決定された修理代と時価額を比較して修理代が下回る場合には、一部損傷として修理代を請求できます。全損の場合に請求できる金額は、修理代ではなく時価額です。

被害者にも過失がある場合の修理代

被害者にも過失がある場合には、被害者の過失も考慮して最終的な修理代が決定します。ここでは、修理代の過失相殺と、加害者の修理代の取り扱いについて詳しく解説します。

修理代は過失相殺される

被害者に過失がある場合、修理代は過失割合に応じて減額されます。

たとえば、被害者に2割の過失割合があるケースでは、修理代が50万円であっても、請求できるのは過失割合の2割を差し引いた40万円です。被害者の過失割合に相当する10万円分の修理費は、被害者が負担しなければなりません。

過失割合に応じて加害者の修理代も負担する

車同士の事故では、当然のことながら加害者の車の修理代も発生します。被害者に過失がある場合には、被害者の過失割合に応じて加害者の修理代を負担しなければなりません。

たとえば、被害者の過失割合が2割で加害者の車の修理代が100万円のときには、被害者が20万円を負担することになります。

加害者の修理代が高額な場合、被害者の過失割合が低くても高額の修理代を請求される可能性があります。ただし、被害者が任意保険に加入しているときには、対物賠償責任保険を利用して、加害者の修理代を支払うことも可能です。実際、ほとんどのケースでは対物賠償責任保険が利用されており、被害者自身が加害者の修理代を負担するケースは多くありません。

修理代に納得できないときは弁護士に相談する

加害者側の保険会社が提示する修理代に納得できないときは、弁護士に相談することをおすすめします。

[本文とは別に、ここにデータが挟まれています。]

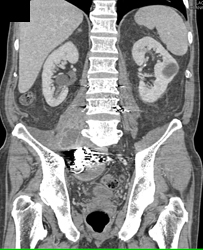 Osteomyelitis L5-s1 With Psoas Abscess - CTisus CT Scan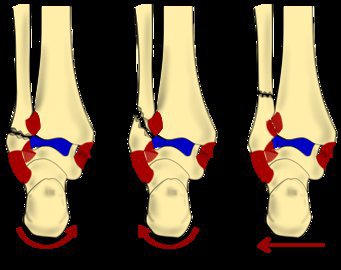 Врач Галкин: при болезнях печени появляется боль в суставах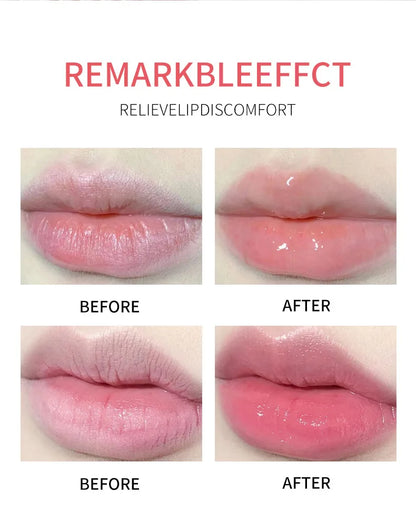 ADMD™ – Fruit Kiss Collection: 8-Piece Moisturising Lip Balm Set (Anti-Cracks)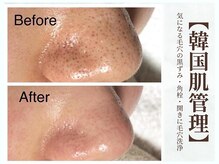 グラシーズ(Glasses)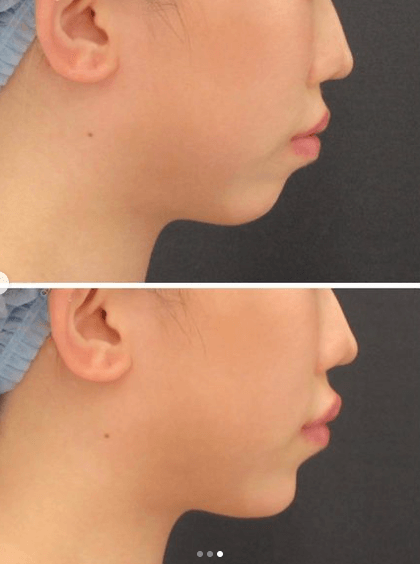 ヒアルロン酸注射の前後の唇画像
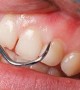 Perio Bacteria Found to Spur Cancer Growth in Mouth, Say Researchers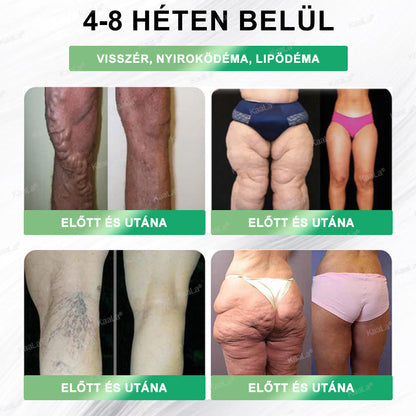 🛡𝑲𝒂𝒂𝑳𝒂® 𝑮𝑳𝑷-1 8 𝒂𝒛 1-𝒃𝒆𝒏 𝑭𝒊𝒕 & 𝑽𝒊𝒕𝒂𝒍 𝑺𝒛á𝒋𝒐𝒏 á𝒕 𝒔𝒛𝒆𝒅𝒉𝒆𝒕ő 𝒐𝒍𝒅𝒂𝒕 – 𝑵𝒂𝒑𝒊 𝒆𝒈𝒚𝒔𝒛𝒆𝒓, 7 𝒏𝒂𝒑 𝒂𝒍𝒂𝒕𝒕 𝒍á𝒕𝒉𝒂𝒕ó 𝒗á𝒍𝒕𝒐𝒛á𝒔 / 𝑬𝒍𝒉í𝒛á𝒔, 𝒔𝒛í𝒗- é𝒔 é𝒓𝒓𝒆𝒏𝒅𝒔𝒛𝒆𝒓𝒊 𝒆𝒈é𝒔𝒛𝒔é𝒈, 𝒄𝒖𝒌𝒐𝒓𝒃𝒆𝒕𝒆𝒈𝒔é𝒈, 𝒂𝒍𝒗á𝒔𝒊 𝒂𝒑𝒏𝒐𝒆, 𝒃é𝒍𝒓𝒆𝒏𝒅𝒔𝒛𝒆𝒓 𝒆𝒈é𝒔𝒛𝒔é𝒈𝒆, í𝒛ü𝒍𝒆𝒕𝒊 𝒑𝒓𝒐𝒃𝒍é𝒎á𝒌 é𝒔 𝒎é𝒈 𝒔𝒐𝒌 𝒎á𝒔 𝒆𝒔𝒆𝒕é𝒏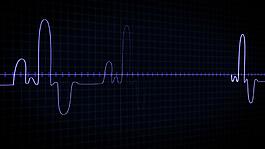 高科技仪表检测心脏速率显示器医疗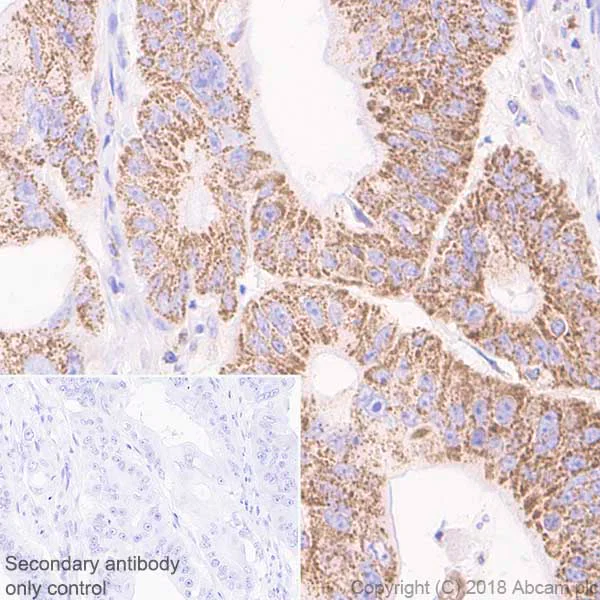 Immunohistochemistry (Formalin/PFA-fixed paraffin-embedded sections) - Anti-Cyclophilin F antibody [EPR11311-121] (AB231155)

修理代の交渉では、修理代や時価額、過失割合などを決める必要があります。交渉には専門的な知識が求められるため、被害者自身では対応が難しい場合が多いでしょう。

保険会社との交渉を進めて、適正な修理代を支払ってもらうには、専門家である弁護士に交渉を任せるのが安心です。修理代をめぐる交渉に不安を感じている方は、まずは弁護士への相談から始めてみてください。